DESCRIPTION OF THE TASK
Would you transcribe each entry precisely as it stands, setting aside any images?

EXTRACTED INFORMATION
##########
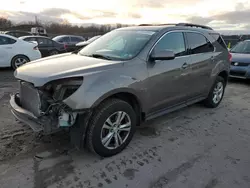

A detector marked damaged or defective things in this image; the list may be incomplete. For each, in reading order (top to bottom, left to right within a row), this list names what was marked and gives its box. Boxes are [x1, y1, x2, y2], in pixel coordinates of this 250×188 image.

damaged hood [14, 52, 122, 86]
damaged front end [10, 77, 84, 134]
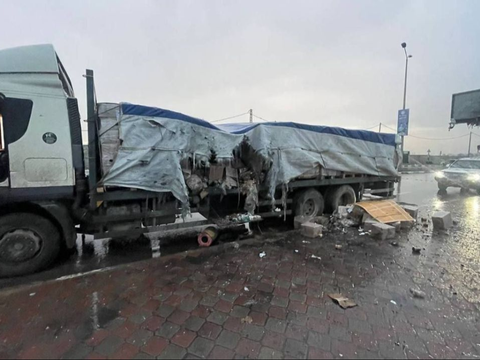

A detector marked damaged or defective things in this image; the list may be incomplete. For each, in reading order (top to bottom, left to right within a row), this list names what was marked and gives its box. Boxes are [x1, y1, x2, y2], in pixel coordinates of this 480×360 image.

damaged semi truck [0, 44, 402, 276]
torn tarp cover [99, 102, 400, 204]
##########
EXERCISE OUTPUT
A detector marked damaged or defective things in this image; the list may be incomplete. For each, in reading order (top to bottom, left to right within a row), this list names what was marked and gives its box. Boxes are [x1, y1, x2, y2], in pixel coordinates of this 250×188 image.

damaged hood [14, 52, 122, 86]
damaged front end [10, 77, 84, 134]

A detector marked damaged or defective things in this image; the list may be incomplete. For each, in reading order (top to bottom, left to right within a row), this list names what was marked and gives its box. Boxes are [x1, y1, x2, y2], in pixel coordinates of this 480×360 image.

damaged semi truck [0, 44, 402, 276]
torn tarp cover [99, 102, 400, 204]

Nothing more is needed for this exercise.